Milwaukee Brewers (4): Prince Fielder, Rickie Weeks, Nyjer Morgan, LaTroy Hawkins

Minnesota Twins (2): Delmon Young, Denard Span

New York Mets (1): Willie Harris

New York Yankees (3): *Derek Jeter, *CC Sabathia, Curtis Granderson

Oakland Athletics (2): Coco Crisp, Tyson Ross

Philadelphia Phillies (5): *Ryan Howard, Jimmy Rollins, Ben Francisco, John Mayberry, Jr., Domonic Brown

Howard already has one MVP under his belt, and is well on his way to a Hall of Fame-caliber career.

Pittsburgh Pirates (2): Andrew McCutchen, James McDonald

San Diego Padres (5): Orlando Hudson, Cameron Maybin, Will Venable, Eric Patterson, Kyle Blanks

Seattle Mariners (2): Milton Bradley, Chone Figgins

St. Louis Cardinals (1): Jon Jay

Tampa Bay Rays (2): *David Price, B.J. Upton

Texas Rangers (4): *Arthur Rhodes, Darren O’Day, Darren Oliver, Julio Borbon

Toronto Blue Jays (2): Rajai Davis, Corey Patterson

Of the 30 MLB clubs, only the San Francisco Giants & Washington Nationals do not have a Black player on their active roster or disabled list.

Managers: Ron Washington (Rangers), Dusty Baker (Reds)

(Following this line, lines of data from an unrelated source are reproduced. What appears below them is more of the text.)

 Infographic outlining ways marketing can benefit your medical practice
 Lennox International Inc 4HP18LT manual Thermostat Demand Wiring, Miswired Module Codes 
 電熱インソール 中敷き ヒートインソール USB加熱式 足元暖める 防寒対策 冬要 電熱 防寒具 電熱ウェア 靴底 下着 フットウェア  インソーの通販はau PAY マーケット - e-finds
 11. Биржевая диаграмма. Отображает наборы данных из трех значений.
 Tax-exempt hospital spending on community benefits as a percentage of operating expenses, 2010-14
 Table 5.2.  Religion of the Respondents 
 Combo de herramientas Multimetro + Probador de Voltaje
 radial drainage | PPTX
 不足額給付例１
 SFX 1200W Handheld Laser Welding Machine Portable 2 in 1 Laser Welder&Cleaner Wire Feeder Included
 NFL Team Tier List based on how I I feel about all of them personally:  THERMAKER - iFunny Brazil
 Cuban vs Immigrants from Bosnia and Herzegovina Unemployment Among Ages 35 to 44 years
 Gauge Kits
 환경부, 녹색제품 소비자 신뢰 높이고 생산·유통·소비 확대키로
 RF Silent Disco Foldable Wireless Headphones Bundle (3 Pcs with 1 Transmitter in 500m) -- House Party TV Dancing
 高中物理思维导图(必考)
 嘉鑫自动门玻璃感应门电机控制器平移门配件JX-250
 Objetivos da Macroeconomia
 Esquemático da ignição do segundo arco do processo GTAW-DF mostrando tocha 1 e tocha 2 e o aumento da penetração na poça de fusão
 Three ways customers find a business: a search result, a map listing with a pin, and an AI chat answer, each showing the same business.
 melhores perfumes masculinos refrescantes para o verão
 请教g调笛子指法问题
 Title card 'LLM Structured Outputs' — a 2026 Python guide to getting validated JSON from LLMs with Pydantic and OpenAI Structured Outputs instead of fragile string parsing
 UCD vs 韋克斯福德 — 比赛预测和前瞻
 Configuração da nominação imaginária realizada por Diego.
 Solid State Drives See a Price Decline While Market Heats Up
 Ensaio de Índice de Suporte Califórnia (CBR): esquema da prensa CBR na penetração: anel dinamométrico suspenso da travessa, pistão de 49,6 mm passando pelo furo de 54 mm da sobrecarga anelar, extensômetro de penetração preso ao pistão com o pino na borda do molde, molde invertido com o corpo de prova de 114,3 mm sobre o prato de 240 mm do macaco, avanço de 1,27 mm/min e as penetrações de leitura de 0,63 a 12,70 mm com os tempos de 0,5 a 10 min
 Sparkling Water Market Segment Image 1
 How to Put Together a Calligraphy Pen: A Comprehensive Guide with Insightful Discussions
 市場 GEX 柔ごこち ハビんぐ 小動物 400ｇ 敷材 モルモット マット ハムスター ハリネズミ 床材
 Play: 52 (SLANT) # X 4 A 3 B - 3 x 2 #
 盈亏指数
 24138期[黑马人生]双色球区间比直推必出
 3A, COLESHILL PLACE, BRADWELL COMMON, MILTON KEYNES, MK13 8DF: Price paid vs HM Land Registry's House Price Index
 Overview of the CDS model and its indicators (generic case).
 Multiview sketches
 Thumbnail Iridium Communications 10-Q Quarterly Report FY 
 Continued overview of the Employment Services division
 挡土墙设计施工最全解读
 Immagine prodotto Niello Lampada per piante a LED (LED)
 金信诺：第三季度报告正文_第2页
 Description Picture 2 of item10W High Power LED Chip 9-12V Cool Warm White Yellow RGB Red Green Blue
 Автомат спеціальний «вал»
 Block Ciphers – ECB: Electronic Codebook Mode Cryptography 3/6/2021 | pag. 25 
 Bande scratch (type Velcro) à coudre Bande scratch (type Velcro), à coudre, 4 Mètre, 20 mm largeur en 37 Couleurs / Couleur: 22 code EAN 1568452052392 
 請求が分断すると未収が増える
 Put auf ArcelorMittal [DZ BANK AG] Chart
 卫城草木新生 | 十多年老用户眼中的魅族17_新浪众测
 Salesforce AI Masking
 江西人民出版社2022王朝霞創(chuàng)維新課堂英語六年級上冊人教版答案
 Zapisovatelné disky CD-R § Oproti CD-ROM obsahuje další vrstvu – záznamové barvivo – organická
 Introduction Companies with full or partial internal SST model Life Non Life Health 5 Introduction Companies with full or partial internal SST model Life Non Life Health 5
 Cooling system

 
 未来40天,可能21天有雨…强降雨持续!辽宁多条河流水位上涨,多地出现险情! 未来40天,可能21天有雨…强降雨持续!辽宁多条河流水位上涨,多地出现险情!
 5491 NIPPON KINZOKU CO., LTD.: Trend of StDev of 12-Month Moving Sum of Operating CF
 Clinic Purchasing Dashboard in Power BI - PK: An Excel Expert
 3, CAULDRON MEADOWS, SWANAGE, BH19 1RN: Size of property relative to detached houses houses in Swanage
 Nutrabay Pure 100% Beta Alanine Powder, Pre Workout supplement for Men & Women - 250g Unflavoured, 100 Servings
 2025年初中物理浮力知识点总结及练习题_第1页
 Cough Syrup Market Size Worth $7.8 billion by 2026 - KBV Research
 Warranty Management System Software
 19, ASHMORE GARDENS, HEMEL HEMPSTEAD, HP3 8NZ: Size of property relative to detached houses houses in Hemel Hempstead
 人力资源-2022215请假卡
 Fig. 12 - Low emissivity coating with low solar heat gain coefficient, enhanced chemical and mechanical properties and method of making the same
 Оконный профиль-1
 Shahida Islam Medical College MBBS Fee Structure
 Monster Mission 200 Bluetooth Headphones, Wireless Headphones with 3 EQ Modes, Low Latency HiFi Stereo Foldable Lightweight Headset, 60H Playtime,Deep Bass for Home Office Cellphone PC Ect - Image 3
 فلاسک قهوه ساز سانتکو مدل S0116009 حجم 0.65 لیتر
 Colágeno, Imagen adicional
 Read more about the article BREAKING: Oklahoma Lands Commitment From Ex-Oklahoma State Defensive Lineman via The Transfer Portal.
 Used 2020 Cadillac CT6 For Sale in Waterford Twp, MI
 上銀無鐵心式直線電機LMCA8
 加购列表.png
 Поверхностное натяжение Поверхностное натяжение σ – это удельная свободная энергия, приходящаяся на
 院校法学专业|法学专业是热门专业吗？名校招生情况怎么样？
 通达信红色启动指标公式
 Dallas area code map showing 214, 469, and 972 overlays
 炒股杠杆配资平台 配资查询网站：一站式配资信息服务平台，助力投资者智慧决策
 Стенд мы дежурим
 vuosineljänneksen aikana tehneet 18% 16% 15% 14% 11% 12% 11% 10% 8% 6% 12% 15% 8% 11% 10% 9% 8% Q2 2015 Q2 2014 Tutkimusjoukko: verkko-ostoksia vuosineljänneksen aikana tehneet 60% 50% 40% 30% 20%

Executives: Kenny Williams (General Manager, White Sox)

On The Come Up, Top 100 Prospects that will join these ranks: Desmond Jennings (Rays), Aaron Hicks (Twins), Chris Carter & Michael Taylor (Athletics)

  1. Robert Weaver says:

    This will continue to be the case due to the economic reasons that typically go un-addressed. Blacks dominate in the NFL and NBA partly due to the low amount of resources necessary to play those two sports. Baseball requires a glove for every fielder, bats and balls, uniforms, etc. In basketball, a rim and a ball are the only pieces of equipment necessary to play. And in many cases, a rim isn’t required as the crate has been a hood staple for years. We often hone our skills in football sans pads or cleats prior to these items being provided to us by JFL and high-school football. Then theres the geography necessary to play baseball. Land is a premium that we often don’t have ownership of or access to. Both football and basketball playing areas can fit inside the baseball diamond with space to spare; a basketball court several times over. Most blacks being raised in inner cities and often in overcrowded areas, where space is rare, we are geographically ostracized from the sport. Consider the amount of donated used baseball equipment we send to underdeveloped countries and the Latino baseball products that result from free equipment meeting undeveloped land drive and hunger all in one place.

    Good read bro.

    • Thanks for the read & comments Bro. I completely agree with the struggle for minorities to engage in the game. It’s a struggle to get what is needed, but I feel like if we can at least watch the game, we can find a way to participate in it. There’s no reason that we can equip full football teams, yet not get the needed tools to play baseball, a sport where you can actually share needed equipment (gloves, bats, etc). The first step is to familiarize ourselves with it. But there is a strong, and perception based, bias against doing so. We gotta change the narrative somehow.